[Stored data entries]
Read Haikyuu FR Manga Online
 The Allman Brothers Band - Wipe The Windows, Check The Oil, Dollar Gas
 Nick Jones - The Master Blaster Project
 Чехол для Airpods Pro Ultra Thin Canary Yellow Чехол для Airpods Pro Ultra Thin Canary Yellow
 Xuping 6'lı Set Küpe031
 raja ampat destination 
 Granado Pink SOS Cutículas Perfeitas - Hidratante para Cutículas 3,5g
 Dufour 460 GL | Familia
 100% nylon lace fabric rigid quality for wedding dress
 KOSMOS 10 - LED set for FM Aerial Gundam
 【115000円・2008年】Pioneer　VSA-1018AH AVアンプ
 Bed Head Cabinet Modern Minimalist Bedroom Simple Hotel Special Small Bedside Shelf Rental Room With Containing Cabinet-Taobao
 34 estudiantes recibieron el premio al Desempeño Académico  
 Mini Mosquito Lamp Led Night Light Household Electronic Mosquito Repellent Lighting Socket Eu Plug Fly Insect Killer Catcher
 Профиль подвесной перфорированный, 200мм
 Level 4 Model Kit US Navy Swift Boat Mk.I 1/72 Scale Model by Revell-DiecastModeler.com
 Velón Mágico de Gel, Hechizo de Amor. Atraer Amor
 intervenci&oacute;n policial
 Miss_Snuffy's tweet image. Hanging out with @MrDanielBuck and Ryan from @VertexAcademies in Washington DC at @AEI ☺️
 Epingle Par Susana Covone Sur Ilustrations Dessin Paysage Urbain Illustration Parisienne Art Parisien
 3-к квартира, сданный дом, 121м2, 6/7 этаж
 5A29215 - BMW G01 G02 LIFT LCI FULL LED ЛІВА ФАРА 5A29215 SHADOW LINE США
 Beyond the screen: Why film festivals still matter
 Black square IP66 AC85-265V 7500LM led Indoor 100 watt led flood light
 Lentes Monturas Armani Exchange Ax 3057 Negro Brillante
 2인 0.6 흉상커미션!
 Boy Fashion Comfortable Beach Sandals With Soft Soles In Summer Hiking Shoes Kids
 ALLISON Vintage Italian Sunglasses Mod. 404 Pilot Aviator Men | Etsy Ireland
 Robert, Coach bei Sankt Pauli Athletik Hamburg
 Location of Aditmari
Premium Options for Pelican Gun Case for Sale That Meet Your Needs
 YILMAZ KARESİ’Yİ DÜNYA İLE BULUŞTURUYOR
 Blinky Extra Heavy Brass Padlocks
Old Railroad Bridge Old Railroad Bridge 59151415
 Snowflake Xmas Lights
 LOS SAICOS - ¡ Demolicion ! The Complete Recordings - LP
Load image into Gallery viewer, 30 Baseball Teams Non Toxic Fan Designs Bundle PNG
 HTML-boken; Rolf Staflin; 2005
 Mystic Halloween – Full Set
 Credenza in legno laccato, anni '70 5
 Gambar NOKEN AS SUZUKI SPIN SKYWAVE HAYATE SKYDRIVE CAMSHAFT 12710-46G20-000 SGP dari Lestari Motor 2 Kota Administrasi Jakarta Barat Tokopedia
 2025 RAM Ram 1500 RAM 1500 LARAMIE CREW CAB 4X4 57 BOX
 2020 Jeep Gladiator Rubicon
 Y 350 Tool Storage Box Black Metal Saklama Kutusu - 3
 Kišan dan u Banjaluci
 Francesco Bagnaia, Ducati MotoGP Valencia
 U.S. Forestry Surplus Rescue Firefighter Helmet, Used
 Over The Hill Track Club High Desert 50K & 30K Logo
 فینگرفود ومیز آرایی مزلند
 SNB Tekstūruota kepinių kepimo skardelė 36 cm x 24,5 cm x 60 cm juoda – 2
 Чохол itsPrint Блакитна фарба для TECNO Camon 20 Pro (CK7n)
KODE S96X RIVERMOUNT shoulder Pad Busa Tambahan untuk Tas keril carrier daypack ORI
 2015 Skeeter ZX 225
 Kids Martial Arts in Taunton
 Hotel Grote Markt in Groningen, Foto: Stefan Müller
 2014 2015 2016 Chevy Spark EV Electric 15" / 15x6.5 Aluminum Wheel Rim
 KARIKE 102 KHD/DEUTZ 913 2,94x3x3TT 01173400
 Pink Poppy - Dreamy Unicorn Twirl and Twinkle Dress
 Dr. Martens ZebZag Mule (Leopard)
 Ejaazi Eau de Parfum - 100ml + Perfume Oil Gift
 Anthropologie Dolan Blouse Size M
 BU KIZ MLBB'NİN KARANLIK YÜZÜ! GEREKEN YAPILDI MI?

* _Required work_:
Each line from the beginning of the entries to the line with "raja ampat destination" must be repeated exactly, with both end lines kept and no other lines given.

* _Exercise output_:
Read Haikyuu FR Manga Online
 The Allman Brothers Band - Wipe The Windows, Check The Oil, Dollar Gas
 Nick Jones - The Master Blaster Project
 Чехол для Airpods Pro Ultra Thin Canary Yellow Чехол для Airpods Pro Ultra Thin Canary Yellow
 Xuping 6'lı Set Küpe031
 raja ampat destination 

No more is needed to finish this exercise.